§ PROBLEM REQUIREMENTS
Reproduce only what runs from the line containing "360 VR video." to the line containing "a bedroom with" in the records below, inclusive. Keep it exact, and keep the pictures out.

§ SUPPLIED MATERIAL

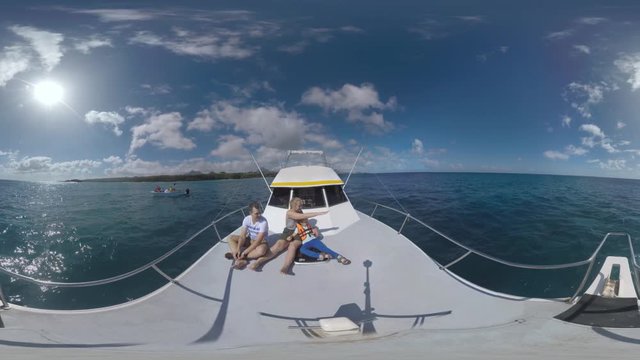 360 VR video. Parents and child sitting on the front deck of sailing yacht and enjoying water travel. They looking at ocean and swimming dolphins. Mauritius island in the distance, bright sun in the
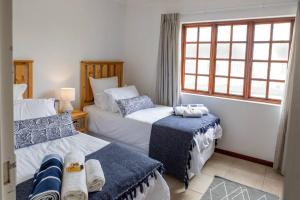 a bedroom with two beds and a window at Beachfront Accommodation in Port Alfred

...

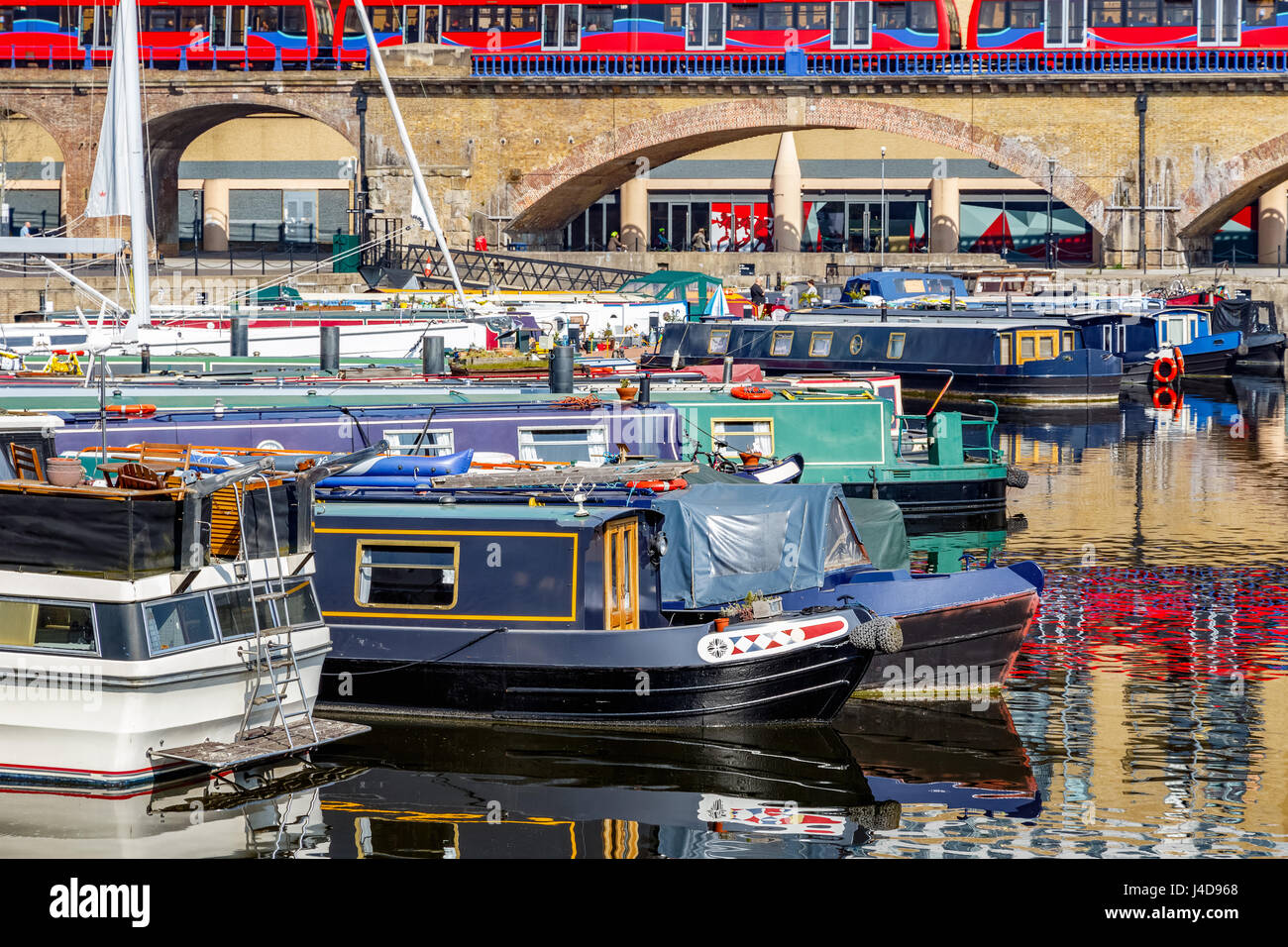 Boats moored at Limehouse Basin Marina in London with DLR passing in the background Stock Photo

§ RESPONSE BOX
 360 VR video. Parents and child sitting on the front deck of sailing yacht and enjoying water travel. They looking at ocean and swimming dolphins. Mauritius island in the distance, bright sun in the
 a bedroom with two beds and a window at Beachfront Accommodation in Port Alfred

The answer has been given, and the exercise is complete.